[Stored records]
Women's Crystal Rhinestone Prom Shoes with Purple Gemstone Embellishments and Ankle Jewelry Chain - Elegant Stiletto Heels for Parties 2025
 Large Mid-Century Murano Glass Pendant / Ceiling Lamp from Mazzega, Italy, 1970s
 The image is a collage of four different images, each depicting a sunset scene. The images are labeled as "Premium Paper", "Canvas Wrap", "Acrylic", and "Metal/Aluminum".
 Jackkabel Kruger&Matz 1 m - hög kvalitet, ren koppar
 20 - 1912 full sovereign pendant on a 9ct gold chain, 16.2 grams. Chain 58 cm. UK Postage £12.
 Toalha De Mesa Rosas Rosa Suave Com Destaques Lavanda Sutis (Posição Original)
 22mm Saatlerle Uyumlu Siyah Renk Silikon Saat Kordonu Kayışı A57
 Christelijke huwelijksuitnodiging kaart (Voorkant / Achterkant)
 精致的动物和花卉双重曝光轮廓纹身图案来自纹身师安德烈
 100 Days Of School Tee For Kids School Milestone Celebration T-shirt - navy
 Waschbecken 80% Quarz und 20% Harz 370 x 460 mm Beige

§ WHAT YOU NEED TO DO:
Both end lines included, restate word for word the lines above from the line with "Toalha De Mesa" to the line with "精致的动物和花卉双重曝光轮廓纹身图案来自纹身师安德烈", and nothing else.

§ RESPONSE:
 Toalha De Mesa Rosas Rosa Suave Com Destaques Lavanda Sutis (Posição Original)
 22mm Saatlerle Uyumlu Siyah Renk Silikon Saat Kordonu Kayışı A57
 Christelijke huwelijksuitnodiging kaart (Voorkant / Achterkant)
 精致的动物和花卉双重曝光轮廓纹身图案来自纹身师安德烈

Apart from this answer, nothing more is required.